Mr. Summers: I am not an expert in constitutional law. I am a refugee and immigration lawyer. I tend to agree. I think there are constitutional problems.

Senator Nolin: That is the heart of the problem.

Mr. Summers: To be honest, I cannot speak at length on that.

The Deputy Chairman: Even if it is not in the Charter, the fact is that it is the fundamental law of the land.

Senator Joyal: I do not want to argue too much about this. We will have other witnesses from Justice. I am quite sure you will follow their testimony so that we can continue our exchange on this.

My second point is on the American declaration of rights, Article XIX, which reads that every person has the right to the nationality to which he is entitled by law.

We had a discussion on this yesterday with the minister. I do not know if you have been informed of that. I am puzzled by the way the bill is now written, as it does not recognize the right to a nationality.

I am of the opinion that a person who is born in Canada has the right to nationality. I asked the minister if a person born in Canada could be deprived of that nationality. She said, "No, except, of course, in the rare circumstance when a person is born to a diplomat." We know about that. It is well codified in international law generally.

I feel the bill fails to define, at least in the preamble, what we mean by "nationality." The bill is totally silent on this matter. I was expecting, when I read the first section, or the preamble of the bill, a reference to nationality. To me, nationality is essential to citizenship. They are intertwined notions and concepts.

The inter-American declaration from which you read is binding on whom? Is it just a document that expresses a general view, or is it signed or recognized by states? Which international instruments have recognized the right to nationality? I think the international human rights declaration has recognized it, but I would prefer to get the answer from you.

Mr. Witchert: You will see this at the beginning of the report from the inter-American commission. It arises out of the Organization of American States, of which Canada has been a member since 1990.
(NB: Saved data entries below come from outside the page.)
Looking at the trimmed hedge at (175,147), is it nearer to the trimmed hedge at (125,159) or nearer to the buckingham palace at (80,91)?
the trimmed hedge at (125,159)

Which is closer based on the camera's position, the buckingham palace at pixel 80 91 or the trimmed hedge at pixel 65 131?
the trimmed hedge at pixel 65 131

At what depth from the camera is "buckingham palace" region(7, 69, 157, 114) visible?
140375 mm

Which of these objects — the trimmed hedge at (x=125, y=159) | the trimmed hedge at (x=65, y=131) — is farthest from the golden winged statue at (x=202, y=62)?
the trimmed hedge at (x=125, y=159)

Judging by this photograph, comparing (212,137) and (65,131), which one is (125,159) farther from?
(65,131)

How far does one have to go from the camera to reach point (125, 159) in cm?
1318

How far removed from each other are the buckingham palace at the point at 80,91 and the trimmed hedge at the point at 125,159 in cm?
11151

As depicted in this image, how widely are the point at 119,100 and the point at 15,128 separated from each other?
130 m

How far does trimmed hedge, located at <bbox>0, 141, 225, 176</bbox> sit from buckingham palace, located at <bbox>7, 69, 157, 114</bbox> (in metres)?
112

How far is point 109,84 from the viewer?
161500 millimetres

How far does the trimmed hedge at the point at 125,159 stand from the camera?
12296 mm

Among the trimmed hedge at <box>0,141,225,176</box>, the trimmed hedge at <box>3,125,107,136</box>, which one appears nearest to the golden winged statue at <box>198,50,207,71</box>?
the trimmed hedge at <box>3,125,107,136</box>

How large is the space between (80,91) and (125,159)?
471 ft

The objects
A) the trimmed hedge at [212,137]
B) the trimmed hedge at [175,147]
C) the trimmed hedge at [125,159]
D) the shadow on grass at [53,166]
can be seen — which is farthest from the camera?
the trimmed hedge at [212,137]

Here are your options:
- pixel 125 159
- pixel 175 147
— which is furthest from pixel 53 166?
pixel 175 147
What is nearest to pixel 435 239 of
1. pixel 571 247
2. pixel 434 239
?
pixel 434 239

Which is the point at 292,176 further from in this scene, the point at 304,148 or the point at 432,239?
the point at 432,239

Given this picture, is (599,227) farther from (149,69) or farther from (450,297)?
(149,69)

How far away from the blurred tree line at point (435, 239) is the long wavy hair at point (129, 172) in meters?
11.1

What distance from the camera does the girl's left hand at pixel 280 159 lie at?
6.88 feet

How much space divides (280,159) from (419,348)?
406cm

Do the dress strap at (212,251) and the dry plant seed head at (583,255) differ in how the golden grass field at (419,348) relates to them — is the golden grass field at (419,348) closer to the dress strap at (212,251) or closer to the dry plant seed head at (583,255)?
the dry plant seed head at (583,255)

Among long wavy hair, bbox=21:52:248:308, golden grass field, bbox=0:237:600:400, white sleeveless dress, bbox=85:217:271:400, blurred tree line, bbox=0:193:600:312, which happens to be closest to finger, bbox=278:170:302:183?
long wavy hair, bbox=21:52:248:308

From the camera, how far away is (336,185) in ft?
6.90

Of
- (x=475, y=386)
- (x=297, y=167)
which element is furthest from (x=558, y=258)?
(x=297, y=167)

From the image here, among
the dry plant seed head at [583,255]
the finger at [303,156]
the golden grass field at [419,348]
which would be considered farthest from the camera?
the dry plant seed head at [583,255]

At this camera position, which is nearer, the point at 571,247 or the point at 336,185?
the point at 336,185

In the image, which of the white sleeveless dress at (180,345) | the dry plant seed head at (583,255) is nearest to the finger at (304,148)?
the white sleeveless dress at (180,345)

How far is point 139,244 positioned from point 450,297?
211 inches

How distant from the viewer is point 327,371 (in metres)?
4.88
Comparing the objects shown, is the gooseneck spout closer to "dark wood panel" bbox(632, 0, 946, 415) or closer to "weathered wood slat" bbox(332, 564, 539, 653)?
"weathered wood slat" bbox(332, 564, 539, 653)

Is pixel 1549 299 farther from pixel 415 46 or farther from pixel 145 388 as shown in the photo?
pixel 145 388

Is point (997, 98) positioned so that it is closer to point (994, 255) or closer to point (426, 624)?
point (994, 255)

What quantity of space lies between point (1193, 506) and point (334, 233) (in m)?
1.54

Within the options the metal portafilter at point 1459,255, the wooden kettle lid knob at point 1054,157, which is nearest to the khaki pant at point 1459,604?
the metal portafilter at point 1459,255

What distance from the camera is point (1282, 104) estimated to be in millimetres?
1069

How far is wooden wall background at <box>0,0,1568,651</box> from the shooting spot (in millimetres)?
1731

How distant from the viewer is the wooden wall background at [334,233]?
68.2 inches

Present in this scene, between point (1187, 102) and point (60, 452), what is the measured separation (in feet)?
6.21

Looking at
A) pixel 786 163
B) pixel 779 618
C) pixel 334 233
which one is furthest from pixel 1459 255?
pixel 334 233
The Deputy Chairman: On that issue, there is clause 4:

A person acquires citizenship at birth if, after the coming into force of this section,

(a) the person is born in Canada.

[Translation]

Senator Nolin: That article might be closest to what Senator Joyal is looking for.

[English]

No, it is not as clear.

Senator Joyal: My next question is whether there are any instances where the United Nations has recognized the right to nationality in the way of "apatride" or alien citizens. If you say everyone has the right to nationality, there should be an international instrument somewhere that indicates that. Why are we not referring to that in this bill?
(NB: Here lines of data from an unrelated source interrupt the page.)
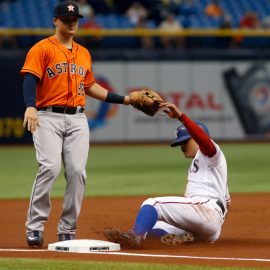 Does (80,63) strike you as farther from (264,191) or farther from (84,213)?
(264,191)

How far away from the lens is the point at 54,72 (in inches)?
287

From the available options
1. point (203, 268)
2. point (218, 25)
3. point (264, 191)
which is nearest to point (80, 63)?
point (203, 268)

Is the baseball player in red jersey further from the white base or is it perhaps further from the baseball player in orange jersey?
the baseball player in orange jersey

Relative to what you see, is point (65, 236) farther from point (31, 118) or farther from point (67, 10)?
point (67, 10)

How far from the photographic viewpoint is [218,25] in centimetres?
2355

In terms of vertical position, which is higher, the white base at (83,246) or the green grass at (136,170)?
the green grass at (136,170)

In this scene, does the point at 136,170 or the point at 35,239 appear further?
the point at 136,170

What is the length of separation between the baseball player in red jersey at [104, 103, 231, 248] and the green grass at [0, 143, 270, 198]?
4.44m

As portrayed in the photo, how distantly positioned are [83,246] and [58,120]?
1079 mm

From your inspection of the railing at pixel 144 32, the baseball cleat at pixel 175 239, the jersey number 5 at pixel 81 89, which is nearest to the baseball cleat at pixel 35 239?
the baseball cleat at pixel 175 239

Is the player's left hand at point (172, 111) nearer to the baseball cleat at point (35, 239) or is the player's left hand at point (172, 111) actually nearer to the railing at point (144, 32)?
the baseball cleat at point (35, 239)

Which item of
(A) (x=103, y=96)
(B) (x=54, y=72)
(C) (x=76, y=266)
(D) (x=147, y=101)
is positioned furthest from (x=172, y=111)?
(C) (x=76, y=266)

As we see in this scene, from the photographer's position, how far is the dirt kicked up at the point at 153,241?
645cm

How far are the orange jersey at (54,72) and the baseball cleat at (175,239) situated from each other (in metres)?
1.30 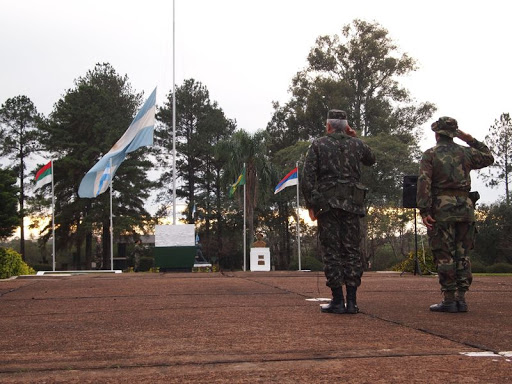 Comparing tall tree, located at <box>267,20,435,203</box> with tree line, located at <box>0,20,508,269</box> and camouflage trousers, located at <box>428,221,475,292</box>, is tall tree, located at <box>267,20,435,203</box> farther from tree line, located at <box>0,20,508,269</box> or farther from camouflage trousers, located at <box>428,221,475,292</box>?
camouflage trousers, located at <box>428,221,475,292</box>

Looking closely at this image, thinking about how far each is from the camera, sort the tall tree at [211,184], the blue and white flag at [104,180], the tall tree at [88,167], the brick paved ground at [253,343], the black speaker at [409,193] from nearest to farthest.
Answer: the brick paved ground at [253,343]
the black speaker at [409,193]
the blue and white flag at [104,180]
the tall tree at [88,167]
the tall tree at [211,184]

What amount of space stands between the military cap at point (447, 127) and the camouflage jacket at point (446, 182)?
0.28 ft

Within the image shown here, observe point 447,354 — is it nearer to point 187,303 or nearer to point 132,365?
point 132,365

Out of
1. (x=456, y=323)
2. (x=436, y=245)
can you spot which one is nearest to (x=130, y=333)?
(x=456, y=323)

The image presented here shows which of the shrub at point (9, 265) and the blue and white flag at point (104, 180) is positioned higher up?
the blue and white flag at point (104, 180)

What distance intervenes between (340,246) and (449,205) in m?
0.99

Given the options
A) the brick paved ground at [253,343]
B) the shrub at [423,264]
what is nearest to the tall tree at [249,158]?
the shrub at [423,264]

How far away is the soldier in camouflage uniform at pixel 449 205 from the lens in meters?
5.43

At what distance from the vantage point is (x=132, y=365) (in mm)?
2947

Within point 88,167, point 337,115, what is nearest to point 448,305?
point 337,115

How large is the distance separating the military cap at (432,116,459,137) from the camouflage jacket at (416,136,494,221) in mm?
85

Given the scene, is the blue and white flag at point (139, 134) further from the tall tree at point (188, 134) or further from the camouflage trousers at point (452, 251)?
the tall tree at point (188, 134)

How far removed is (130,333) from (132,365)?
1.13 m

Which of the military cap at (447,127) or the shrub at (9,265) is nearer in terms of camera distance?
the military cap at (447,127) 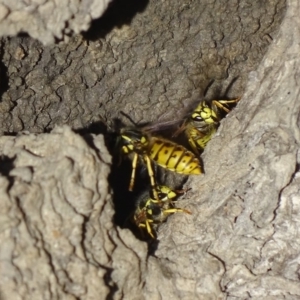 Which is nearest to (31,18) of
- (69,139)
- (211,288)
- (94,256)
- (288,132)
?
(69,139)

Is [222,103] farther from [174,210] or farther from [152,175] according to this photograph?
[174,210]

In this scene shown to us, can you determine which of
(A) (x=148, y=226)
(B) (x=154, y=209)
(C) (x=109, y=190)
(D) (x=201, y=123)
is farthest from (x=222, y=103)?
(C) (x=109, y=190)

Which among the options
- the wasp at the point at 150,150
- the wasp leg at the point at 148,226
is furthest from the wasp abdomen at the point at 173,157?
the wasp leg at the point at 148,226

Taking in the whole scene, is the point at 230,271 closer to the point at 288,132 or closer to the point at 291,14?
the point at 288,132

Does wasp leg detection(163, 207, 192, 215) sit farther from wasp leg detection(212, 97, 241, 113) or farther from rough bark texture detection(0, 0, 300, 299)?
wasp leg detection(212, 97, 241, 113)

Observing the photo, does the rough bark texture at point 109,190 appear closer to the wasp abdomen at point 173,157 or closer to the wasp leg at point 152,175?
the wasp abdomen at point 173,157

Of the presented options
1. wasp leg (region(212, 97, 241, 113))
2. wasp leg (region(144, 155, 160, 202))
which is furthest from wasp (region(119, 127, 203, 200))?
wasp leg (region(212, 97, 241, 113))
Senator Nolin: This is probably not the right witness of whom to ask that question.

Senator Joyal: Can we not expect that the bill should refer to that, be part of that process, and that citizenship is the emanation of that process?

Ms Dench: If I may, statelessness is, in a sense, the obverse of your point.

We are suggesting that we make reference to our international obligations toward reducing statelessness, and that we include a clause to say that the act is to be interpreted in a manner consistent with the principle of reducing statelessness.

Senator Grafstein: We have not signed that convention.

Ms Dench: We have signed the 1961 Convention on the Reduction of Statelessness. We have not signed the 1954 Convention on the Status of Stateless Persons.

Senator Joyal: Can we have a copy of the conventions that we signed?

Senator Grafstein: There are two different conventions.

Senator Pearson: One is an international convention and one is an OAS convention. We did not sign the OAS convention on human rights.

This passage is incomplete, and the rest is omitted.